No offers really. It’s really hard to say what you might be missing out on. I do know that in almost every instance that we’ve had someone helping with an aspect of releasing or licensing we’ve been ripped off. Numerous distributors just decided at some point to stop communication and stop paying. And we’ve found that licensing a song usually never has any future income, no one can ever bother with any statements. So I don’t know…the whole record industry just seems broken. It’s still all in favor of labels.
For example, I was a big fan of Snake River Conspiracy, and I don’t think their work really caught on enough for them to breakthrough. I would read these interviews where they got so much money to make their first album, and they toured, opening for some pretty big bands, and then when they got around to making their second record, the record company said, well, you’re in debt for something like a million dollars now. How depressing is that? I mean it would make you not even want to start another record. The company can deduct for all kinds of things related to touring and promotion, so it’s just how things go. Anyway, fast forward, and (off the subject) we got Jason who was half of Snake River to do a remix for us on our Mind & Matter album before he passed in 2020. Off the subject, I know, but I was glad I got to talk to him a few times while he was still with us.
Has the fact that you are so independent impacted on playing live? I know you played live sporadically many years ago (and indeed I still have the live DVD on my shelf): was the work and cost therein just too much to bear, or did you just prefer remaining a studio project?
It’s hard to say exactly why we didn’t do any more live shows. I don’t know if its’ because we’re independent…I just remember that after our El Rey DVD show, we were the last ones there, and I was trying to get all of the racks and gear in the back of the truck, killing my back.
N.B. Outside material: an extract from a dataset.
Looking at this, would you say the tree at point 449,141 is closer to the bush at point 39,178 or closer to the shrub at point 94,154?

It would be nice if there was more help, I guess for the whole loading and unloading thing. You never know…maybe if we decided to just do it on a smaller scale?
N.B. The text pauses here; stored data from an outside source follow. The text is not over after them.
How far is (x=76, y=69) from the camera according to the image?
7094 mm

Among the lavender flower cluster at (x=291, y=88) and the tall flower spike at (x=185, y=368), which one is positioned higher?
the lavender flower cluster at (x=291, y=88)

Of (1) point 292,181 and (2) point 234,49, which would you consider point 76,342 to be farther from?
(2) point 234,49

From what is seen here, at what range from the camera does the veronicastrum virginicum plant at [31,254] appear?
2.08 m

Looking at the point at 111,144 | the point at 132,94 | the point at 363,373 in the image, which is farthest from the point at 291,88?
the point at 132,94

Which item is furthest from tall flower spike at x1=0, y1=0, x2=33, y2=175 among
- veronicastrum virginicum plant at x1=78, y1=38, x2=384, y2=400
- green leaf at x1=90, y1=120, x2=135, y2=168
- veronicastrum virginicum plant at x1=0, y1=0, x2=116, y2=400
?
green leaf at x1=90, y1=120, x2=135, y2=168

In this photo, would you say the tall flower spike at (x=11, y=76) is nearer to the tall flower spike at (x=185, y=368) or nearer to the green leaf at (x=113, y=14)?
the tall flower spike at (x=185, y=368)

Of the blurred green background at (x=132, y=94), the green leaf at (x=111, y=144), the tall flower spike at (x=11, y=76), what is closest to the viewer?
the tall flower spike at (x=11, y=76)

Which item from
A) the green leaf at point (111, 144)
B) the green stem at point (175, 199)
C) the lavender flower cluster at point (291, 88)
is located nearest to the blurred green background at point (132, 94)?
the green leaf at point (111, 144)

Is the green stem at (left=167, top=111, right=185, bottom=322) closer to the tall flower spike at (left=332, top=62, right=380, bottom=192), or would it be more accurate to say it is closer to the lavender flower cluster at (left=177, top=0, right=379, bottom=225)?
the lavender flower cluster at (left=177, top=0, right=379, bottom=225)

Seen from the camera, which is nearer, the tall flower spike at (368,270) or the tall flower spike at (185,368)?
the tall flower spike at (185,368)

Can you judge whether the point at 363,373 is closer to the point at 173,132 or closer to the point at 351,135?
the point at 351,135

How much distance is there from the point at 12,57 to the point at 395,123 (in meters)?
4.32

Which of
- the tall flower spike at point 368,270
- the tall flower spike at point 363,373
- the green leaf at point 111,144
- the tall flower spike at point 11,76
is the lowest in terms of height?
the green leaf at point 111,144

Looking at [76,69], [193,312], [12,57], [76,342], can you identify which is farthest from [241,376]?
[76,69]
For me, I am a creative addict – so as soon as I am finished something, I want to make the next thing. It is the thing that drives me, so anything that is not making something new is taking me away from that. I feel that an artist is not always necessarily an entertainer. I want to make art – but the thought of entertaining although exhilarating can also feel like pressure. I was glad we got to do it after so many years, and if things had lined up, you never know. I also run my own design business which I love as well, and it keeps me very busy, so technically I am always creating and that is the way I like it.
I was fascinated by the quote that Karin sent out with the pre-release info for “Notes From The Universe”. “The album is like getting a postcard from the Universe. It centers around the perspective that we are all a small part of a much larger entity. I certainly do not have all the answers, but I do have to ask the questions.” If you were to meet the personification of that “larger entity”, what would you ask?
What wouldn’t I ask. The fact that we exist at all is just mesmerizing to me, and I do not take it for granted. I find nature, and then the grand scale of the Universe so fascinating how it all works together. How brilliant and beautiful nature is and how immense the Universe is. I find both of these things really put life in perspective for me, and I am just grateful to be a very small part of it. I actually do not like to necessarily know the answers though: for example, if I could go to a fortune teller and they could tell me my future, I would not want to know. I like to spend my energy creating and being the best human that I can. I find magic in the possibilities. I am not sure if I have a purpose, but I like to think that my actions can help others, and that makes me feel good. For me, life is best when you get to design it yourself.